Lower Bounds for Chain-of-Thought Reasoning in Hard-Attention Transformers
Alireza Amiri, Xinting Huang, Mark Rofin, Michael Hahn
TL;DR
This work establishes unconditional lower bounds on the length of chain-of-thought reasoning in hard-attention (UHAT) transformers across several algorithmic tasks, proving that CoTs must grow at least linearly with input size in many cases. Using random-restriction methods and a depth-reduction argument, the authors show that sublinear CoTs would force constant outputs on large input subsets, which is incompatible with parity-like functions.
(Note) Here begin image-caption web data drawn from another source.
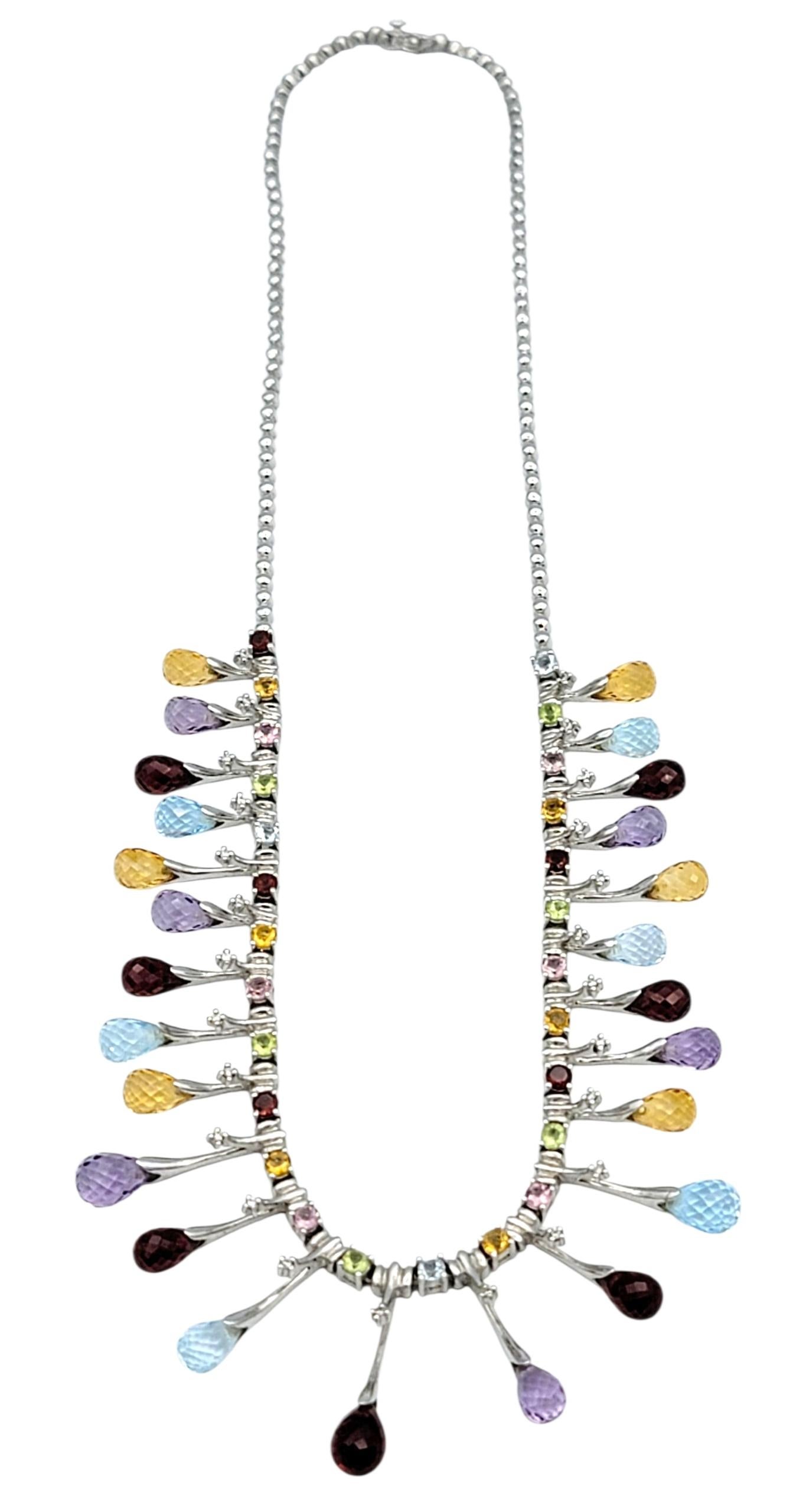 Taille briolette Collier de pierres précieuses multicolores taillées en briolette en or blanc 14 carats en vente
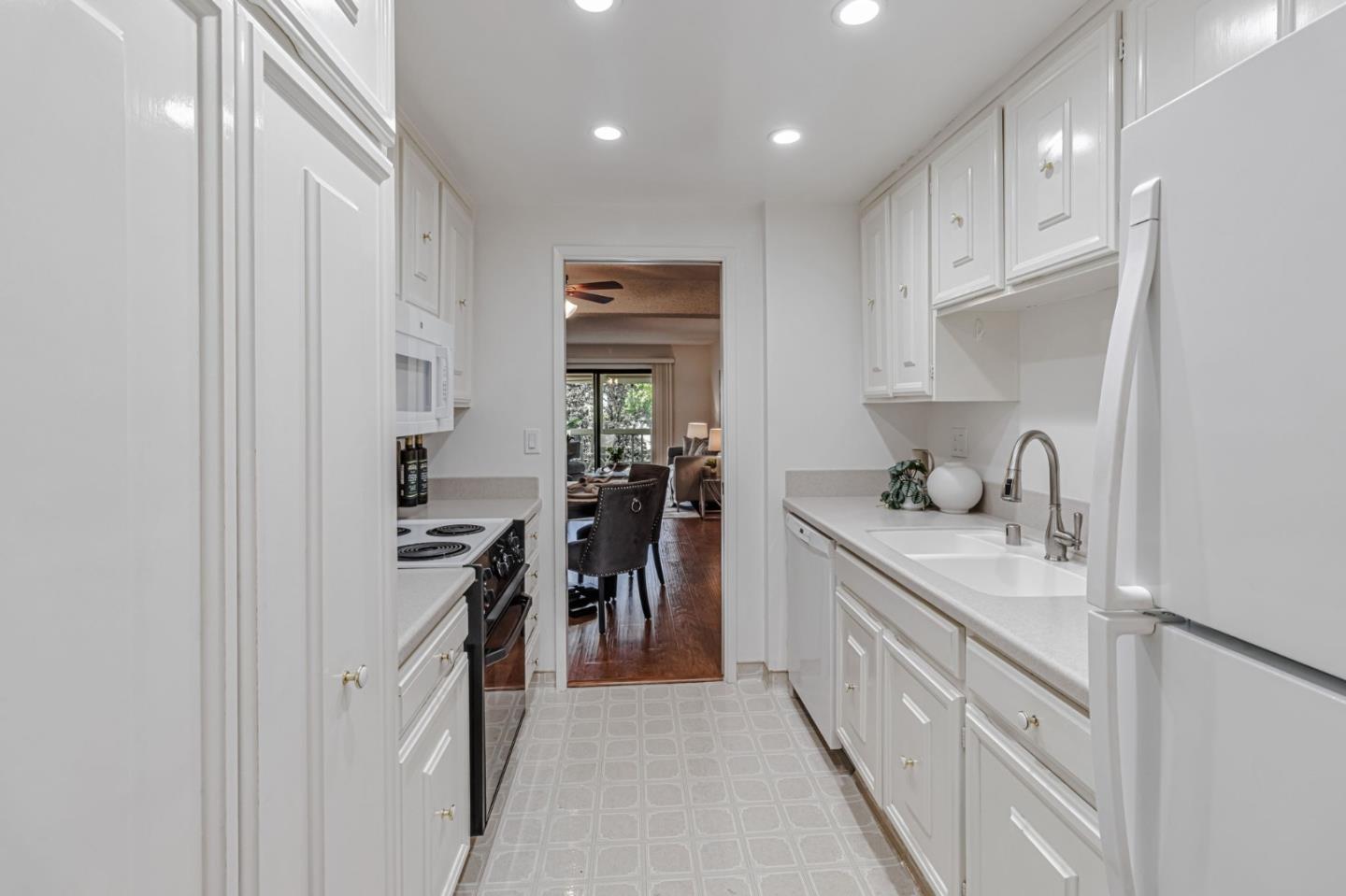 Detail Gallery Image 11 of 31 For 5277 Cribari Corner, San Jose,  CA 95135 - 2 Beds | 2 Baths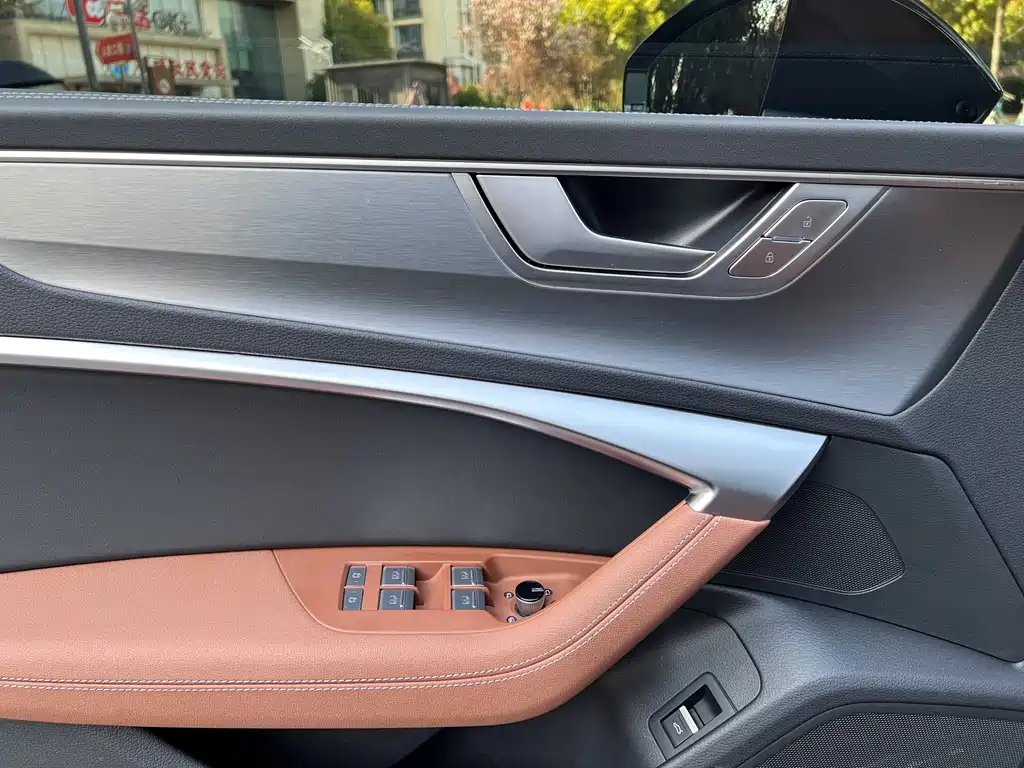 Audi Audi A7L 2025 45 TFSI Luxury Edition 2025 - thumbnail 14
They apply these generic bounds to concrete problems—Parity, Multiplication, Median, and Reachability—demonstrating Omega(N) or Omega(N log N) CoT requirements, and show these bounds are tight up to polylog factors; they also analyze the limitations of dot-by-dot CoTs. Complementing theory with experiments on synthetic transformers and pretrained LLMs, the paper argues that sublinear CoTs are unlikely to suffice for the investigated tasks, motivating tool use or architectural innovations for efficient reasoning. Overall, the results delineate the power and limits of CoT reasoning in transformers and quantify the inference-time compute necessary for robust algorithmic reasoning.
Abstract
Chain-of-thought reasoning and scratchpads have emerged as critical tools for enhancing the computational capabilities of transformers. While theoretical results show that polynomial-length scratchpads can extend transformers' expressivity from $TC^0$ to $PTIME$, their required length remains poorly understood. Empirical evidence even suggests that transformers need scratchpads even for many problems in $TC^0$, such as Parity or Multiplication, challenging optimistic bounds derived from circuit complexity. In this work, we initiate the study of systematic lower bounds for the number of chain-of-thought steps across different algorithmic problems, in the hard-attention regime. We study a variety of algorithmic problems, and provide bounds that are tight up to logarithmic factors. Overall, these results contribute to emerging understanding of the power and limitations of chain-of-thought reasoning.